• Exercise: Produce a word-for-word copy of the lines from the one that contains "Old Navy Womens" to the final line of the data below, with all pictures dropped.

Segment Start: Data segment

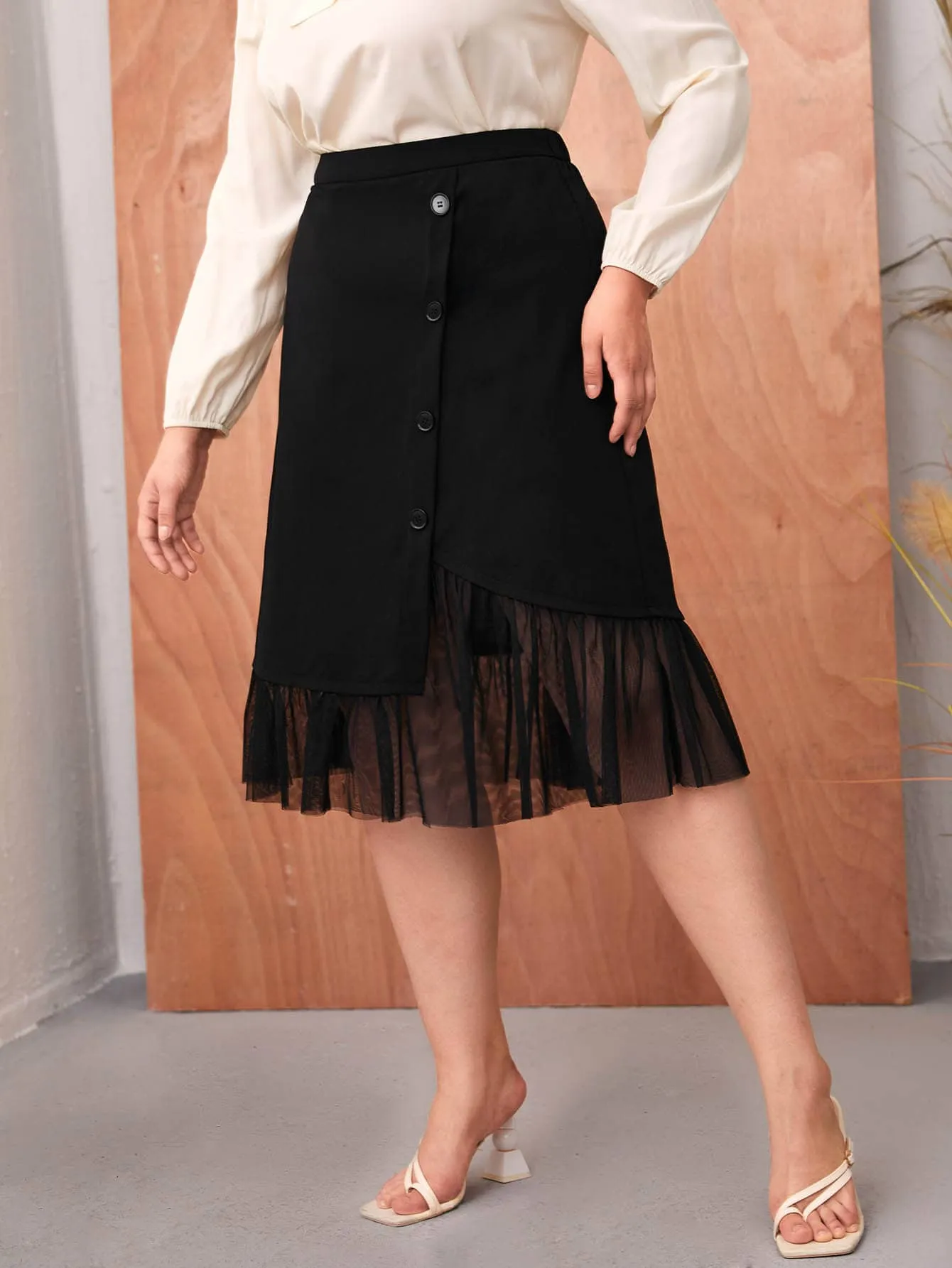 Plain Ruffle Hem Midi Plus Size Skirt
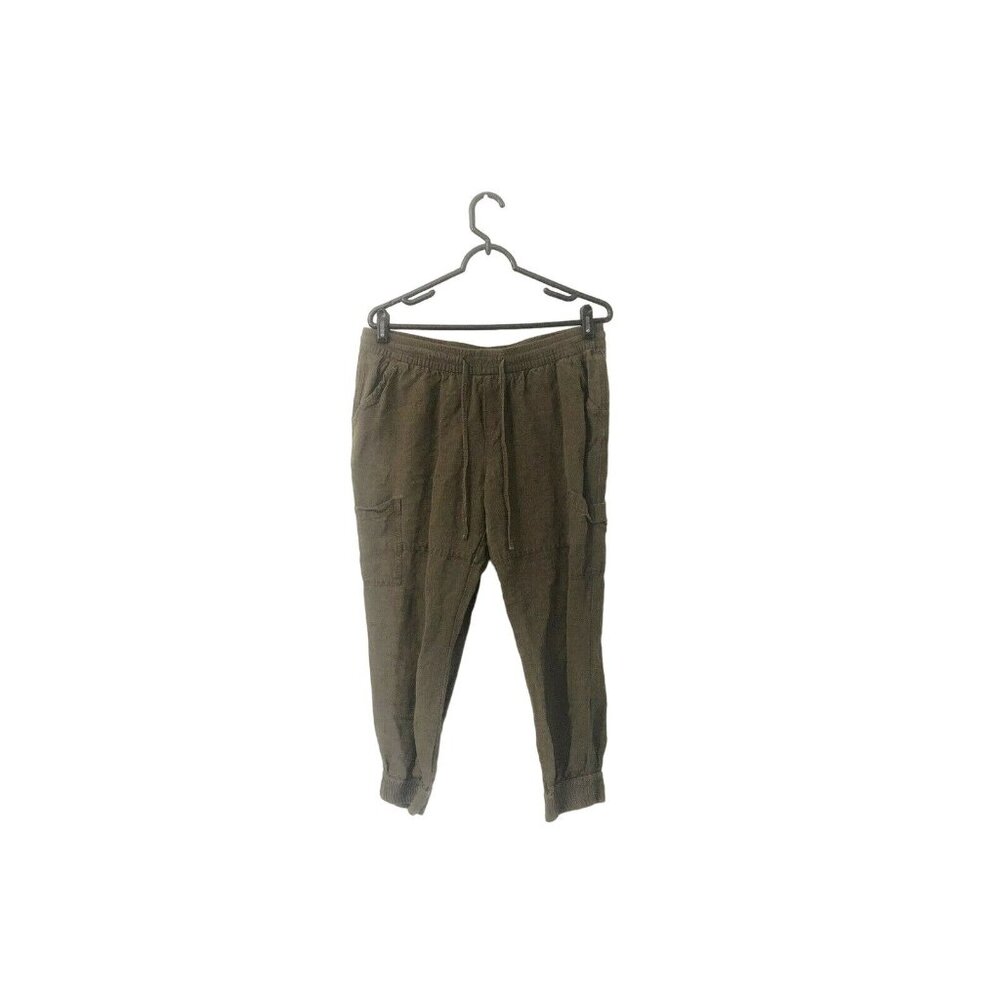 Old Navy Womens Army Green Linen Blend Jogger Pants Size Medium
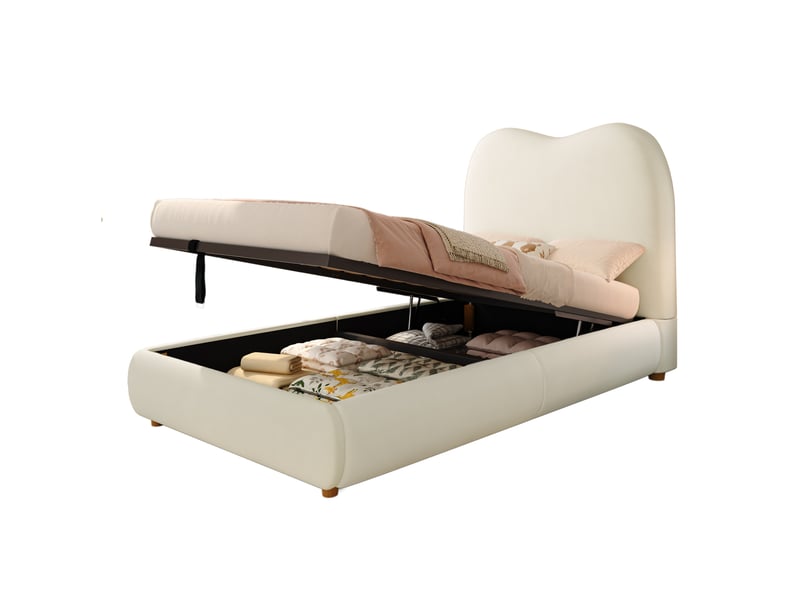  Lit coffre enfant 90x190 cm avec levage hydraulique, beige, sans matelas  - Conforama A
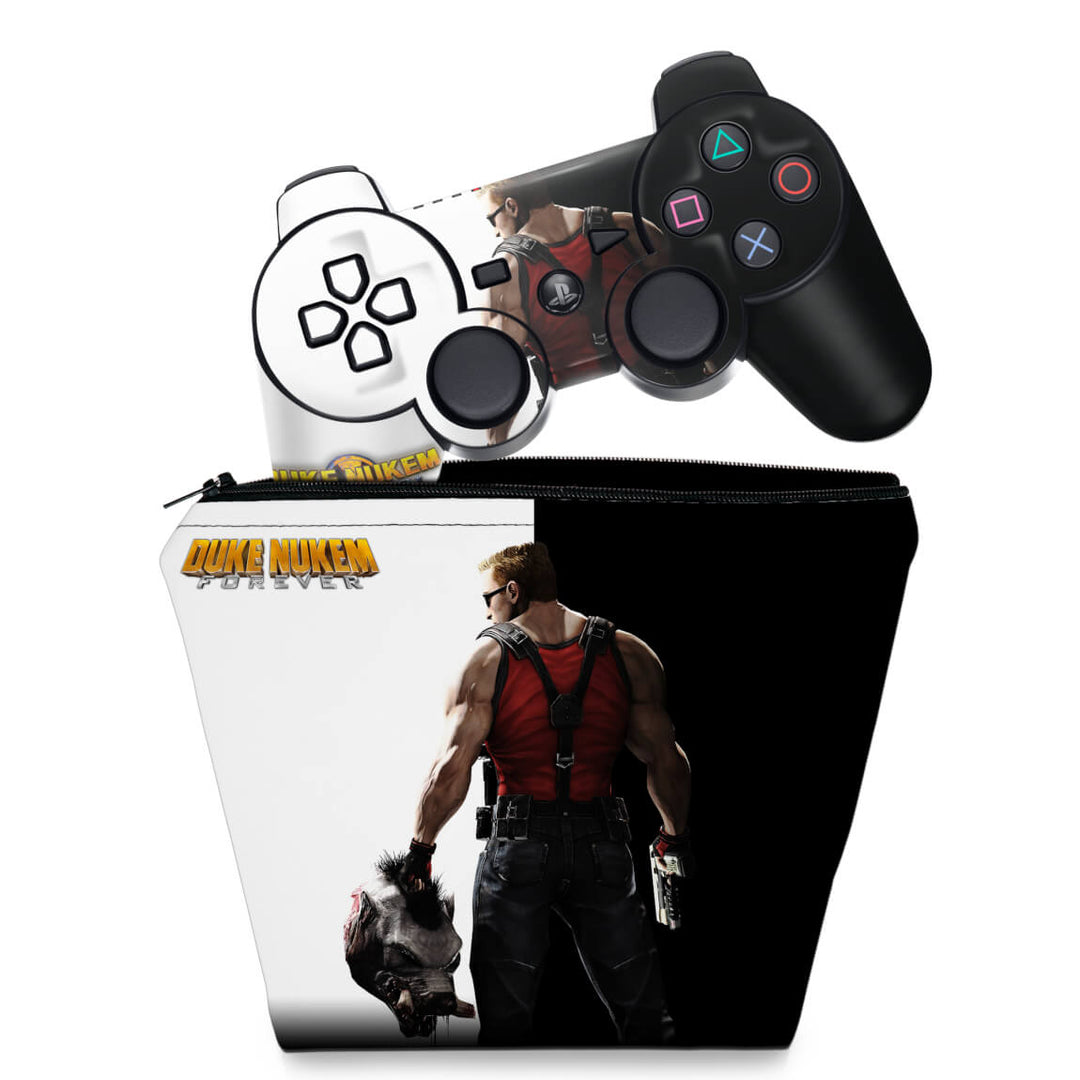 KIT Capa Case e Skin Anti-Rage PS3 Controle - Duke Nukem Forever - Pop Arte Skins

Segment End: Data segment

• Reply:
 Old Navy Womens Army Green Linen Blend Jogger Pants Size Medium
  Lit coffre enfant 90x190 cm avec levage hydraulique, beige, sans matelas  - Conforama A
 KIT Capa Case e Skin Anti-Rage PS3 Controle - Duke Nukem Forever - Pop Arte Skins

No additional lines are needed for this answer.